=== Begin Enclosure ===

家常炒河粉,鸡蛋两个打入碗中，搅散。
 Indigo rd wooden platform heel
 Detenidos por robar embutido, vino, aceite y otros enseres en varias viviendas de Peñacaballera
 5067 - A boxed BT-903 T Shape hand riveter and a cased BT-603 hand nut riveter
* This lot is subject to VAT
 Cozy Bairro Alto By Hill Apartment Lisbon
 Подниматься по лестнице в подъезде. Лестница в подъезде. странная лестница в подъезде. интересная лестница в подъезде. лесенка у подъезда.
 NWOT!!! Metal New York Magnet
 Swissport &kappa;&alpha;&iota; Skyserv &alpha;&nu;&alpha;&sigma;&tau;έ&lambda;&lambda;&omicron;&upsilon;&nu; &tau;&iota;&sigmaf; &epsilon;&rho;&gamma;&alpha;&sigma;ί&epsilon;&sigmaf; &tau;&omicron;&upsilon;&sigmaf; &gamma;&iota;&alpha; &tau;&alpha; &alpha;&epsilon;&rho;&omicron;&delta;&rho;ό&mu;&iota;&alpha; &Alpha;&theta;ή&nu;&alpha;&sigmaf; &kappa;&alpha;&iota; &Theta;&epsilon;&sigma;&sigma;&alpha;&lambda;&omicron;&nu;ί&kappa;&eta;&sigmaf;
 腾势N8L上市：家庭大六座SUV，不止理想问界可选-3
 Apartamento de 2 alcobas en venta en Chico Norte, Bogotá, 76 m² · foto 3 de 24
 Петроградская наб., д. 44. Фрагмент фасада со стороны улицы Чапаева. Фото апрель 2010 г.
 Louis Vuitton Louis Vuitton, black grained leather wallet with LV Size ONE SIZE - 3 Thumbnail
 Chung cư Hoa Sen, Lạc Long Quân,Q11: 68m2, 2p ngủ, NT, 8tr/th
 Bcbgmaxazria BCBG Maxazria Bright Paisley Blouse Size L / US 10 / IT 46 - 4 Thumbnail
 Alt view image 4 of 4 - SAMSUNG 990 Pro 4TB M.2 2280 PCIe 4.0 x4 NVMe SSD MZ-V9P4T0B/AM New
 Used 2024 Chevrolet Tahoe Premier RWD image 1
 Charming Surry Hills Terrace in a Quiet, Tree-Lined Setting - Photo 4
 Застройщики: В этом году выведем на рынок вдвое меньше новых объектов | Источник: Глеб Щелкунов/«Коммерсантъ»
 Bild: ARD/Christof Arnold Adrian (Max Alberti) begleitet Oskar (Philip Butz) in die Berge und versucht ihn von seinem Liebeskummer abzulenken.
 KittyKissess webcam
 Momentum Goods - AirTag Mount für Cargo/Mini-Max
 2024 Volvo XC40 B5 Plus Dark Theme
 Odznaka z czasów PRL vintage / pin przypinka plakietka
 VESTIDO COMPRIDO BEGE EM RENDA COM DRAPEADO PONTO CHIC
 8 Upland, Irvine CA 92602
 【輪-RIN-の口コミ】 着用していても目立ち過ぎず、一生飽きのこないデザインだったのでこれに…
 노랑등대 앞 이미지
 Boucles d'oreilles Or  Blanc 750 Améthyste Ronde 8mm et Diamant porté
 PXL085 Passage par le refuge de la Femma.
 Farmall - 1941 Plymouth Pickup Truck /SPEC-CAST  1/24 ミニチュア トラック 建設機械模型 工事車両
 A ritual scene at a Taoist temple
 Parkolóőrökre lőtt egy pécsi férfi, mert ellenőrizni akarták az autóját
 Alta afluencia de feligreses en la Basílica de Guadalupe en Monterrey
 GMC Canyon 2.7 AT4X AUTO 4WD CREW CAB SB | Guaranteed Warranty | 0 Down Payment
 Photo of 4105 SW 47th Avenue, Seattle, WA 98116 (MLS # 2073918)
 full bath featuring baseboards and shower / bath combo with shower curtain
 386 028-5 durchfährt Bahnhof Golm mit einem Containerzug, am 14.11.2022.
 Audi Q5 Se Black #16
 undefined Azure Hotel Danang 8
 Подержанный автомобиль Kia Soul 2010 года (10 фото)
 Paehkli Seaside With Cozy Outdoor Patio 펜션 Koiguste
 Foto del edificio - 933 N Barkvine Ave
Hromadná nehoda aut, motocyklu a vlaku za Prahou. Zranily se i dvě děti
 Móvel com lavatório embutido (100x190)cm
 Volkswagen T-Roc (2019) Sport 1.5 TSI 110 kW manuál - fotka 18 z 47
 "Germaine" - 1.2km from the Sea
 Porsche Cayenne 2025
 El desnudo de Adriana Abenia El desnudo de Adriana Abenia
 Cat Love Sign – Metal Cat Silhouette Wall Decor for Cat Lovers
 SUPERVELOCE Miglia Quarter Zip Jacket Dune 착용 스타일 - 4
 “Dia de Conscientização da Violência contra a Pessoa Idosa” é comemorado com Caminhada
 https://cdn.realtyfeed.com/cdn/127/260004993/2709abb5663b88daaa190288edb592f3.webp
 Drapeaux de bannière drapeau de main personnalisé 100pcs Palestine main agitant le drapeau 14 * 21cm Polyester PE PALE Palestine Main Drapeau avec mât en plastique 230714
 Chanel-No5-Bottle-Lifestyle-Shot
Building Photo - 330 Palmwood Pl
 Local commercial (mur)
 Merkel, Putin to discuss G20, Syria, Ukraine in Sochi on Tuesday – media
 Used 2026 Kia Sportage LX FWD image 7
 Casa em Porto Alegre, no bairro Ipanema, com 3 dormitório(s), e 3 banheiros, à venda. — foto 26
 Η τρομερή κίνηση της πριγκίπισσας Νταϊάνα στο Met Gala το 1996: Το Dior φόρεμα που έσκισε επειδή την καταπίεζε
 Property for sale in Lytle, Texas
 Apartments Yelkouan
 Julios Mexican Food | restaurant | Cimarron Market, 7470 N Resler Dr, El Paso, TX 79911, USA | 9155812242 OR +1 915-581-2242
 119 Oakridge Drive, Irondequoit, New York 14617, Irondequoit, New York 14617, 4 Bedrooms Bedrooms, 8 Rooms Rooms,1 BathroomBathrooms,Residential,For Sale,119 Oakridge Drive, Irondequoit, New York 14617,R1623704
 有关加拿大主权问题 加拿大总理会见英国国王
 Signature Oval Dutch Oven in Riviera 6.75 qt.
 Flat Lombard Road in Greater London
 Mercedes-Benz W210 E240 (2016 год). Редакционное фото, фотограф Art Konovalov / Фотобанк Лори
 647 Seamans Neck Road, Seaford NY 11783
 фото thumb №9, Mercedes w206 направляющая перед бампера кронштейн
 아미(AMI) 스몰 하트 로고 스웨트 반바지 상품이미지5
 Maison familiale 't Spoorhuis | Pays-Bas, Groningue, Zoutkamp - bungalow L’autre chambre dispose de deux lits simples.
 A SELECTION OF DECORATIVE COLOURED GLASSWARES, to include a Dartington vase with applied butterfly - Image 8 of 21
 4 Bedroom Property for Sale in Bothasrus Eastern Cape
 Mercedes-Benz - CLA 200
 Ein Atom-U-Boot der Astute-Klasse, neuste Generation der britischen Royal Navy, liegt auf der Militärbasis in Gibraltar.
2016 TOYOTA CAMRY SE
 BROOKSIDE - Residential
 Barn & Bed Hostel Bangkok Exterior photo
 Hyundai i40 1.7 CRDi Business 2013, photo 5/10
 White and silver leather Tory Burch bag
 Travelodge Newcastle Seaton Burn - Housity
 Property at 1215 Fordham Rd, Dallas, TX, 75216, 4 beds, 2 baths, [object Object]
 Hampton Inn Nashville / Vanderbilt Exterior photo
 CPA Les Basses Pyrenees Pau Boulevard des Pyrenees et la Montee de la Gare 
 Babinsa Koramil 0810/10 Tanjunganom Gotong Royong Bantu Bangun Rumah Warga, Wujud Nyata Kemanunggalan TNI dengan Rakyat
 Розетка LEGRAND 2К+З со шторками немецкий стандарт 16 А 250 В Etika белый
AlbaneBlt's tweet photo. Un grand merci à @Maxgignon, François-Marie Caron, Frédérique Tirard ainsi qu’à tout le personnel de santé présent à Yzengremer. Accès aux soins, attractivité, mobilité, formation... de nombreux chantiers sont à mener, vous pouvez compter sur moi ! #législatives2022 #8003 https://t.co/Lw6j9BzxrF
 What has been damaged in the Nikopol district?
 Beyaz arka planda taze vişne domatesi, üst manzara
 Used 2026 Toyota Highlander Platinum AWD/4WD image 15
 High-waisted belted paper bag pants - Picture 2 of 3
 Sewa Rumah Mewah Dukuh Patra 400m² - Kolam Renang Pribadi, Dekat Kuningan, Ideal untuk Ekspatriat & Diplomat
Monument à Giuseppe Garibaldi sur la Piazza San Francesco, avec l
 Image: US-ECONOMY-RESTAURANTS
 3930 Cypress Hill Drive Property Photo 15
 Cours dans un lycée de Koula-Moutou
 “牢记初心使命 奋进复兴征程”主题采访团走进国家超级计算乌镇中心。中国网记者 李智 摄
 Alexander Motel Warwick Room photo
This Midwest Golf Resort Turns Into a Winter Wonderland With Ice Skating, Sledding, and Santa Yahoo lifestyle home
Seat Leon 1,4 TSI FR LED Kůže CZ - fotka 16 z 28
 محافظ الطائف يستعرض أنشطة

=== End Enclosure ===

Look above for the line holding "Babinsa Koramil 0810/10", then set down exactly that line and every line after it up to and including the line holding "Розетка LEGRAND 2К+З", with nothing else.

 Babinsa Koramil 0810/10 Tanjunganom Gotong Royong Bantu Bangun Rumah Warga, Wujud Nyata Kemanunggalan TNI dengan Rakyat
 Розетка LEGRAND 2К+З со шторками немецкий стандарт 16 А 250 В Etika белый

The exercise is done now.